Optimizing a Data Warehouse using Evolutionary Computation Maciej Osi´ nski Faculty of Mathematics, Informatics and Mechanics, Warsaw University, Banacha 2, 02-097 Warsaw, Poland
[email protected]
Abstract. A data warehouse stores huge amounts of data collected from multiple sources and enables users to query that data for analytical and reporting purposes. Data in a data warehouse can be represented as a multidimensional cube. Data warehouse queries tend to be very complex, thus their evaluation requires long hours. Precomputing a proper set of the queries (building subcubes) may significantly reduce the query execution time, though it requires additional storage space as well as maintenance time for updating the subcubes. Creating suitable indexes on the subcubes may have additional impact on the query evaluation time. Proposed approach involves using evolutionary computation to select the set of subcubes and indexes that would minimize the query execution time, given a set of queries and available storage space limit.
1
Introduction
A data warehouse stores data collected from multiple sources and allows users to submit complex queries for analytical purposes. To answer these queries, the data warehouse engine needs to select a subset of data and aggregate it. But for various techniques of speeding up query evaluation, this process would take long hours. As each query may be associated with a view built on the base cube, a common technique involves precomputing a set of such views and storing them as materialized views (often called subcubes). Furthermore, the materialized views may have indexes, which additionally reduce the query execution time. Storing precomputed results requires extra storage space and maintenance time. Gupta [1] states the problem (selecting a set of subcubes for materializing to minimize the evaluation time of a given set of queries under storage space limitation) as NP-complete. Thus, to solve the problem for a large number of possible subcubes within a reasonable amount of time, heuristic methods are usually used. I used evolutionary computation to solve this problem [2]. Evolutionary computation is based on a widely applied heuristic method called genetic algorithms (see [3] or [4]).
2
Related Work
Most of the related work focus either on modifications of the greedy algorithm [1], [5] or on heuristically pruning the search space and using exhaustive search methods [6]. The greedy algorithm has certain limitations, including long time of execution for a large amount of subcubes and the possibility of omitting good solutions because of its “greedy” nature.
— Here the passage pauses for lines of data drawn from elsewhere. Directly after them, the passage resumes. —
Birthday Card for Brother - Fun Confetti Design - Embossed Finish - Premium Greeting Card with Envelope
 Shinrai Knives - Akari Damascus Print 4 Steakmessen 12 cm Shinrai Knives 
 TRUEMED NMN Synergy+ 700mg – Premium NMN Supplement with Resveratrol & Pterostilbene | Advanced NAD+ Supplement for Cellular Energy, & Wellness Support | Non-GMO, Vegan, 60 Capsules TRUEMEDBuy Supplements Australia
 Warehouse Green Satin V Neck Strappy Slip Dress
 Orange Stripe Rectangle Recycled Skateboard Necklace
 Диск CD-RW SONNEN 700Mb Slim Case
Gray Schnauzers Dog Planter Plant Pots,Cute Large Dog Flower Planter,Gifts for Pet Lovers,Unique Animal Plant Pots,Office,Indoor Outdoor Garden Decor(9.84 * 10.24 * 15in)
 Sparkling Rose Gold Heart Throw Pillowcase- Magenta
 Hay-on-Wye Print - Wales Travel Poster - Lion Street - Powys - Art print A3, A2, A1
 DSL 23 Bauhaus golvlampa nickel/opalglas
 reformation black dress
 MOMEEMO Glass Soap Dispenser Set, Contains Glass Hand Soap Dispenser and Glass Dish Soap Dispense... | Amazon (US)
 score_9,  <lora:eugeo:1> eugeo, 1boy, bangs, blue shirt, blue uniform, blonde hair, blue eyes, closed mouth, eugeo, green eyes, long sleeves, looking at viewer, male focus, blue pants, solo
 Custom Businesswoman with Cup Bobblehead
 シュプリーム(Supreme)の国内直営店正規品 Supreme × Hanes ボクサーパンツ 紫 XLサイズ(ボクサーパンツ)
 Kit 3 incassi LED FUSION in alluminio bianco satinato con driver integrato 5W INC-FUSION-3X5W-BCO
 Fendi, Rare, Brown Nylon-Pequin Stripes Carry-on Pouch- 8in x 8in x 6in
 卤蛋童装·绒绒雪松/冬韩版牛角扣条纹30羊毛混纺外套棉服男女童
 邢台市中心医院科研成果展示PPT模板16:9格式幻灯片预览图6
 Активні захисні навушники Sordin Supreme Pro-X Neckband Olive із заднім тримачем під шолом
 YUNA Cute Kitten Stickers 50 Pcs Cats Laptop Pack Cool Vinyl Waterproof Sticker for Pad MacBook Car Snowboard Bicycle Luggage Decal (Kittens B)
Lee and Hammer [7] used genetic algorithms to solve the problem of selecting subcubes to precompute and indicated choosing a set of indexes to create as a possible extension to their work. First tests of my framework for selecting both the subcubes and indexes exposed the need to use more sophisticated techniques of evolutionary computation (described in section 4) instead of classic genetic algorithms.
3
OLAP Model
I assume the knowledge of number of distinct values of each attribute. If not, it could be estimated [8]. Attributes are grouped into dimensions (e.g. dimension time contains attributes: year, month, week, etc.). The partial order of attributes (indicating whether one attribute can be computed by aggregating another) within a dimension is called a hierarchy. Each dimension contains the most aggregated “ALL” attribute with exactly 1 value. For more detailed OLAP model see e.g. [1], [9]. Cost model described in [5] has been used to calculate the storage space for subcubes and indexes as well as the query evaluation time. A subcube is described by a set of attributes (one for each dimension) it is aggregated by. The size of a subcube is calculated as a product of distinct values of its attributes. Each subcube may have indexes created on a subset of the set of attributes it is aggregated by. The order of attributes in the index matters. The size occupied by an index is assumed to be equal to the size of its subcube (details in [5]). 3.1
Queries
A query is described by a set of attributes it is aggregated by and its subset – set of attributes used for selecting rows in the “where” condition. Each query is assigned its weight, which indicates its importance. The set of queries to analyze and their weights may be obtained from the data warehouse logs [11] or by modeling and predicting user behavior [10]. Cost of answering a query is estimated as the number of rows that need to be processed in order to answer the query (the linear model [5]). If a subcube chosen for answering a query has an index which prefix is the same as a subset of attributes in the where condition of the query, then the cost of answering the query is equal to the subcube size divided by the number of distinct values in this prefix. Otherwise, the cost of answering a query using a given subcube is
equal to the size of this subcube. If a query cannot be answered using a given subcube, cost of answering is set to +∞. A query cannot be answered using a given subcube if at least one of the attributes the query is grouped by is less aggregated than an appropriate attribute of the subcube. For example, a subcube aggregated by T year, C customer, S ALL, P type (100 000 rows) with and index (C customer, P type) occupies 200 000 units of storage space. To answer a query aggregated by C region and S region with a where condition on C region , 100 000 rows need to be processed as index cannot be used. However, answering a query aggregated by T year and C customer with a where condition on C customer and T year requires processing of only 100000 500 = 200 rows as a prefix of the index can be used. 3.2
Motivating Example
The motivating example is a simplified version of the TPC-R [12] benchmark. The dimensions, attributes and distinct values are: – – – –
TIME: T ALL(1) – T year(4) – T quarter(16) – T month(48) – T week(200) CUSTOMER: C ALL(1) – C region(8) – C nation(40) – C customer(500) SUPPLIER: S ALL(1) – S region(5) – S nation(30) – S supplier(50) PART: P ALL(1) – P type(50) – P part(100).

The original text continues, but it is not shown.